The only type of deposit you might still see in your 401(k) is a nonelective employer contribution. Nonelective describes contributions that employees can receive without electing to contribute out of their own salary. These are usually discretionary profit-sharing contributions that employers make after the end of a successful fiscal year or quarter. If your employer chooses to make a profit-sharing contribution, all employees benefit, including those on furlough. Is that likely to happen? Unfortunately, no, as employers are probably conserving cash and declining the added discretionary expense.

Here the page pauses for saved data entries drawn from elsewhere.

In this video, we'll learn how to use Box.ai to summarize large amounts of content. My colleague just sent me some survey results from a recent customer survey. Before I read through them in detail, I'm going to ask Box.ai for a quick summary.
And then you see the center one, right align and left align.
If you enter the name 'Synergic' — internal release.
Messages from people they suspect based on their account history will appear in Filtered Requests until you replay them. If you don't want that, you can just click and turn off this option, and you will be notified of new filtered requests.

So, without any 401(k) contributions or paycheck, you probably don't have the cash to save in a different account. What you can do is review your retirement plan and decide which of these strategies feels right:

  • You can delay retirement. That gives you time to save and make up for the missed contributions during the furlough.
  • You can downsize. This is challenging to implement now, but you can look at the future possibility of moving to a smaller home or cheaper neighborhood. Lowering your living expenses can allow you to increase contributions once you get back to work. And if you keep that streamlined lifestyle into retirement, you'll take a lot of pressure off your savings.
  • You can delay your Social Security claim. You can start benefits as early as age 62 or as late as 70. Hold off on claiming for another six months or one year, and your monthly benefit increases. If you can afford to wait, the higher monthly benefit could make up for a few months of missed contributions.

2. Vesting may be affected

Employers normally don't give you full ownership of your matching contributions - that ownership is phased in over time, which is called vesting. You might be 25% vested in the first year, 50% vested at the start of the second year, 75% in the third year, and fully vested at the start of the fourth year. If you split with the employer before the fourth year, the unvested employer contributions are removed from your account.

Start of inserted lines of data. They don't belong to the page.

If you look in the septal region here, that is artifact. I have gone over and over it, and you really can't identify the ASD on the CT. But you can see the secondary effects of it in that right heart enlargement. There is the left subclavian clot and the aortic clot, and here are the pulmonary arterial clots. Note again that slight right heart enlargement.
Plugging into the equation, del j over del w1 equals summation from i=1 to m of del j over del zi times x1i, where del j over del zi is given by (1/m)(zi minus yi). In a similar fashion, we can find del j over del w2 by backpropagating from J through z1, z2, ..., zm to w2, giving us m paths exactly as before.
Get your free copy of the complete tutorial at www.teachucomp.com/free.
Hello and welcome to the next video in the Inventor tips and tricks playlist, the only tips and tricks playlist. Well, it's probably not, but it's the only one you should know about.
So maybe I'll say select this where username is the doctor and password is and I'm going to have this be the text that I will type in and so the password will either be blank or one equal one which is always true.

But what happens if you were employed for 10 months, and then furloughed for three? Are you then vested at 25% or 50%? It depends on how the vesting schedule is defined. Often, the vesting schedule will reference duration of time as an employee. In that case, your time on furlough counts toward that duration. But if your vesting schedule is defined as hours of service, the answer is different. Your time on furlough won't contribute to your vesting, because you're not accumulating hours of service. 

There's also a scenario where you could skip the vesting schedule and be fully vested immediately. That could happen if you are left on furlough for an extended period of time, or ultimately laid off. When an employer terminates 20% or more of its workforce, that triggers what's called a partial plan termination. An extended furlough might also initiate a partial plan termination at the IRS' discretion. When that happens, your employer must vest all affected employees to 100%.

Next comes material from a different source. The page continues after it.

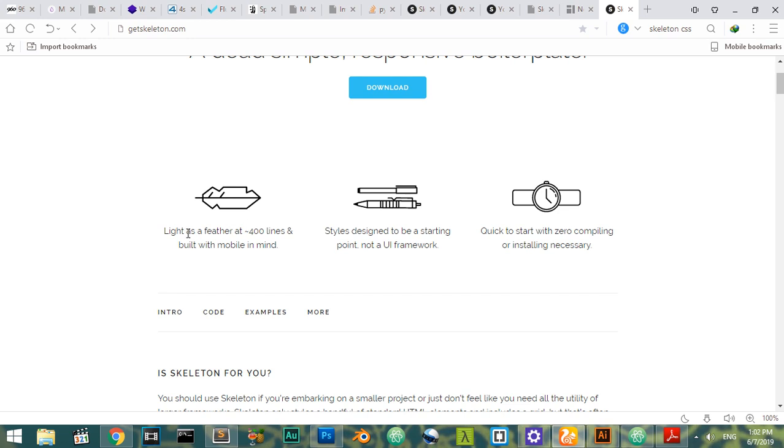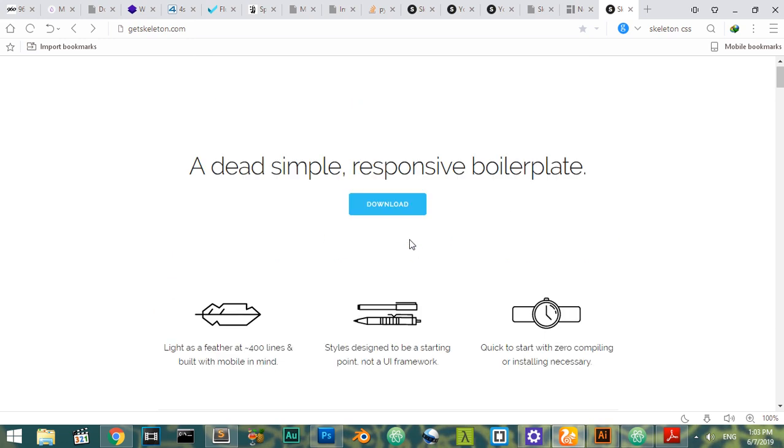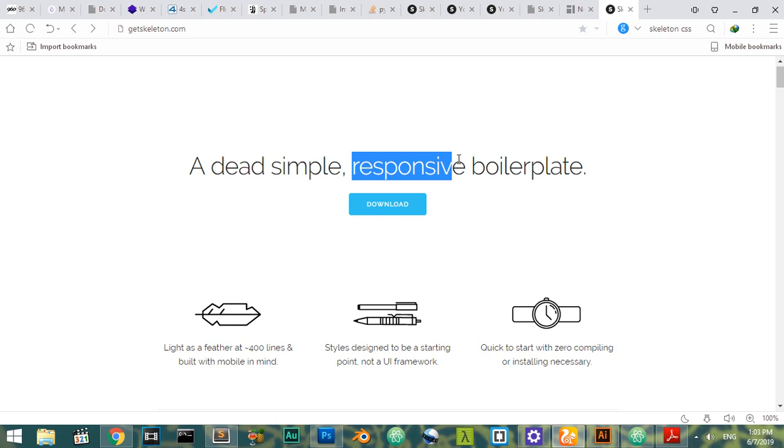As you can see, it's light—around 400 lines only—built for mobile. The best benefit of using this framework is that it's responsive. If you're using your skills to make a landing page or some simple website, you don't need to learn a high-level framework like Bootstrap.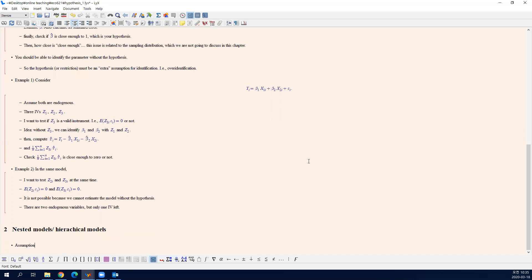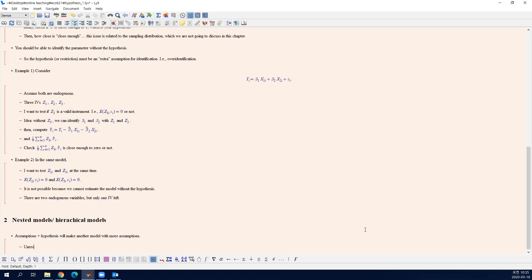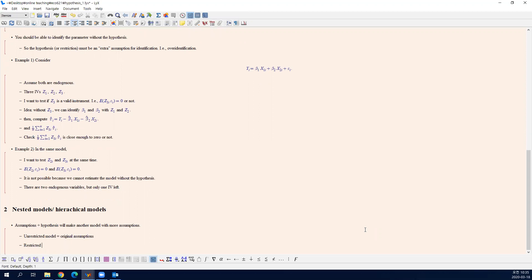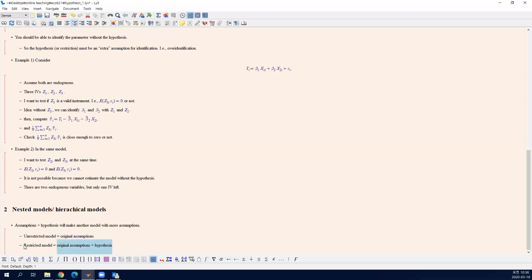Assumptions and a hypothesis together make another model with more assumptions. The unrestricted model has only the original assumptions, while the restricted model has both the original assumptions and the hypothesis you want to test. You don't know whether your hypothesis is correct or not, so you can consider two different models depending on your attitude toward the hypothesis. If you believe the hypothesis is wrong, you don't use that assumption — that is the unrestricted model. If you think the hypothesis is true, you include it in the model and you have more assumptions — that is called the restricted model.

3. Ability to borrow and repay may change

Every plan defines its own rules for 401(k) loans. If the plan allows any employee with an available 401(k) balance to borrow, then you could take out a 401(k) loan while on furlough. But if the rules require you to be active or in service, then a 401(k) loan may not be allowed. If you're in need of cash, check with your plan administrator on the loan rules. Alternatively, you can also pursue a penalty-free withdrawal of up to $100,000, made possible by the CARES Act.

You'll need to check in with your plan administrator if you already have an outstanding 401(k) loan. Being that you aren't getting a paycheck while on furlough, your repayments will stop. Get ahead of a potential default by asking your plan administrator about your options. Your employer may provide another means for you to make payments, or (even better) suspend your loan repayments temporarily.

Keep an eye on your retirement plan

As your situation unfolds, stay on top of how it affects your 401(k) balance and retirement outlook. Hopefully, this furlough is just a bump in the road with respect to your career and your retirement plan. But if it evolves into a longer-term proposition, be ready to change your retirement timing or increase your contributions in a big way once you get back to work.